# Marco Sau



## Andreas89 (5 Gennaio 2013)

Seconda punta del Cagliari,classe '87.Adoro questo calciatore,rapido e fortissimo tecnicamente.Io lo prenderei al posto di Binho.Che ne pensate in generale sul ragazzo?


----------



## DannySa (5 Gennaio 2013)

Ha segnato lui l'1-0? me lo sono perso


----------



## Andreas89 (5 Gennaio 2013)

DannySa ha scritto:


> Ha segnato lui l'1-0? me lo sono perso



Si,pero' il thread è aldila' del gol.Ha un talento cristallino.


----------



## DannySa (5 Gennaio 2013)

Non c'entra niente però, Nainggolan ragazzi....


----------



## Fabriman94 (5 Gennaio 2013)

Ha avuto un grande impatto nella serie A, una punta parecchio interessante.


----------



## mefisto94 (5 Gennaio 2013)

Per me vale piazze come il Cagliari. Brutto dirlo, ma con quel fisico o sei un fenomeno vero (e non mi pare il caso) oppure fai una buona, ma non straordinaria carriera. Giovinco, per quanto mi piace, se non fosse un primavera juventino starebbe nella stessa situazione.


----------



## The Ripper (6 Gennaio 2013)

ha talento


----------



## Lollo7zar (6 Gennaio 2013)

Grande talento e lo dico da 2 anni, dalla c1 con zeman, lo scorso anno grande stagione alla juve stabia, e pensare che all'inizio preferivano pinilla a lui, per farvi capire quanto ne capiscono gli allenatori e dirigenti di A e di calcio in generale


----------



## MaggieCloun (6 Gennaio 2013)

non e male ma nella grande non so cosa farebbe..


----------



## Emanuele (6 Gennaio 2013)

E' un bel giocatore: ha buona tecnica e capacità realizzativa, purtroppo spesso scompare dalla partita ma in fondo è il suo primo anno in serie A quindi ci può stare.
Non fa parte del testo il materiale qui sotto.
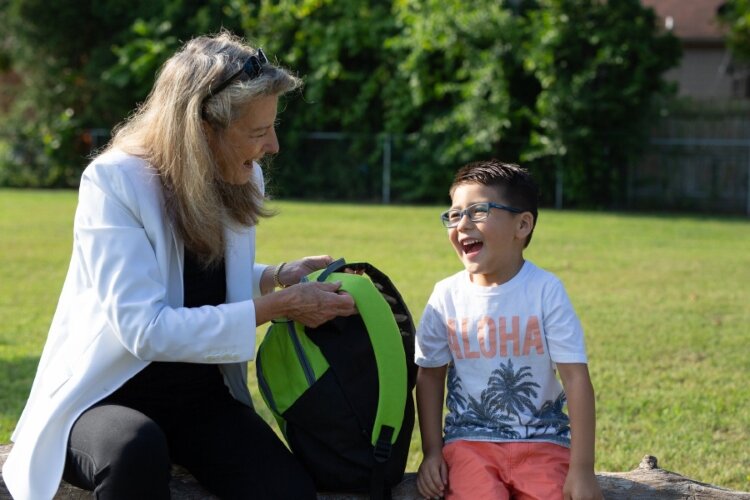 Linda Brand volunteers at a Ready for School event.
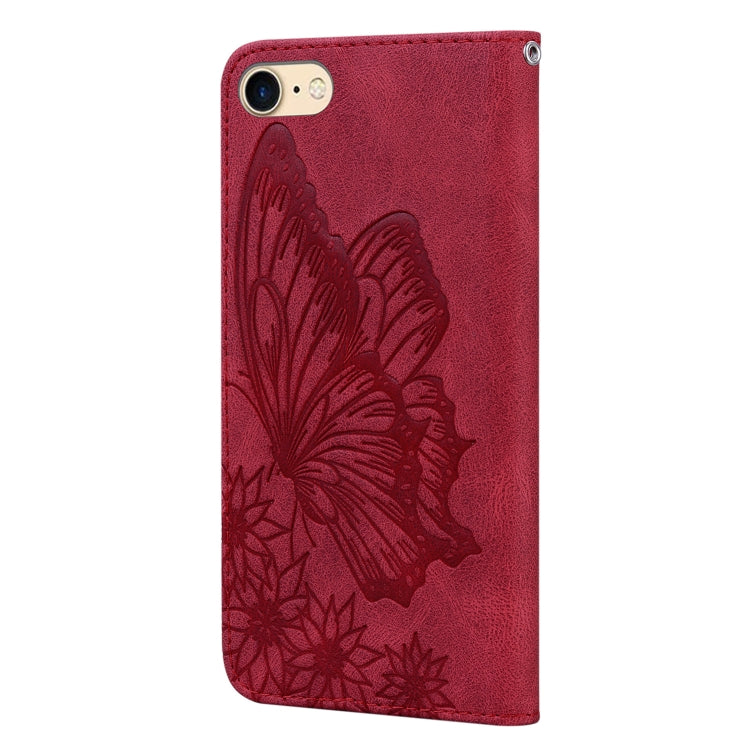 Retro Skin Feel Butterflies Embossing Horizontal Flip Leather Case with Holder & Card Slots & Wallet For iPhone 6 / 6s(Red) - More iPhone Cases by buy2fix | Online Shopping UK | buy2fix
Sinceramente non lo vedo come un giocatore da grande squadra, nonostante sia sicuramente più forte dei vari pazzini e co.


----------



## 2515 (6 Gennaio 2013)

Ha 25 anni e quest'anno ne fa 26, se non sei una macchina da gol a quell'età al tuo primo anno in A, non sei da grande squadra.


----------



## Jino (6 Gennaio 2013)

Giocatore che a Cagliari può fare una grande carriera, può diventare una sua bandiera. Ma non ce lo vedo nel Milan.


----------



## Dumbaghi (2 Febbraio 2013)

Non vale Tavano


----------



## Splendidi Incisivi (2 Febbraio 2013)

Hanno trovato il sostituto di Cossu.


----------



## pennyhill (2 Febbraio 2013)

Mi ricorda Mauro Esposito, anche se probabilmente è più bravo sotto porta.


----------



## Jino (2 Febbraio 2013)

Per me non è da Milan, però è un giocatore che a Cagliari o anche in una realtà un pò più importante può fare davvero bene.


----------